Spike-expressing pseudovirus was generated with System Bioscience’s pPACK-SPIKE packaging system (System Biosciences, Cat # CVD19-50A-1) as per manufacturer’s protocol. Briefly, 8×10⁶ 293TN Producer cells (System Biosciences, Cat # LV900A-1) were plated in T150 flasks overnight. Plasmids encoding lentiviral packaging proteins and Spike were added 1mL of plain DMEM for each T150 being transfected. 55 mL of PureFection reagent (System Biosciences; Cat # LV750A-1) was added to each 1mL tube, vortexed for 10 seconds, and incubated at room temperature for 15 minutes. The plasmid and PureFection mixture was added to a T150 flask containing 293TN cells and placed in a 37°C incubator containing 5% CO₂ for 48 hours. Pseudovirus-containing supernatants were harvested at 48 hours and passed through a 0.45-micron PVDF filter to remove cellular debris. 5x PEG-it Virus Precipitation Solution (System Biosciences, Cat # LV810A-1) was added to supernatants and incubated 4°C overnight. Pseudovirus-containing supernatants containing 1x PEG-it Virus Precipitation Solution were then spun at 1500 x g for 30 minutes. Pseudovirus-containing pellets were resuspended in plain DMEM to achieve at 10x concentration and frozen at -80°C in single use aliquots.
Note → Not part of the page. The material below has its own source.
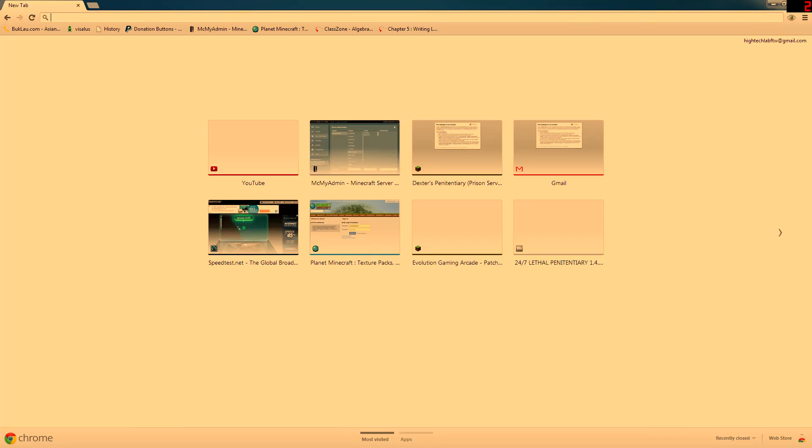What is up, YouTube? I am currently going to show you how to install the 32-bit version of the Feed the Beast modpack.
Pseudovirus infection and neutralization assays were performed by adapting established protocols [27, 28]. In summary, 10⁴ ACE2-293T cells were plated in the inner 60 wells of a 96 well flat bottom plate in 100uL of ACE2-293T media overnight in a 37°C incubator containing 5% CO₂. To determine infectivity of each lot of pseudovirus, pseudovirus-containing supernatants were thawed from -80°C and two-fold dilutions were performed. 100 mL of pseudovirus at various dilutions was added to ACE2-293T cells. To test neutralization activity of antibodies, indicated antibody concentrations were pre-incubated with pseudovirus for 1 hour in a 37°C incubator containing 5% CO₂. Then, 100 mL of antibody/pseudovirus mixture was added to ACE2-293T cells. After 72 hours, cells and media were equilibrated to room temperature for 20 minutes. 100 mL of media was removed and replaced with 100 mL of Bright-Glo Luciferase Assay Reagent (Promega, Cat # E2620). Luciferase activity was measured on the EnSpire Plate Reader (PerkinElmer). Percent neutralization was calculated using RLUs with the equation [(RLU of Virus + cells) – (RLU of Experimental Sample)] / [(RLU of Virus + cells) – (RLU of cells only)].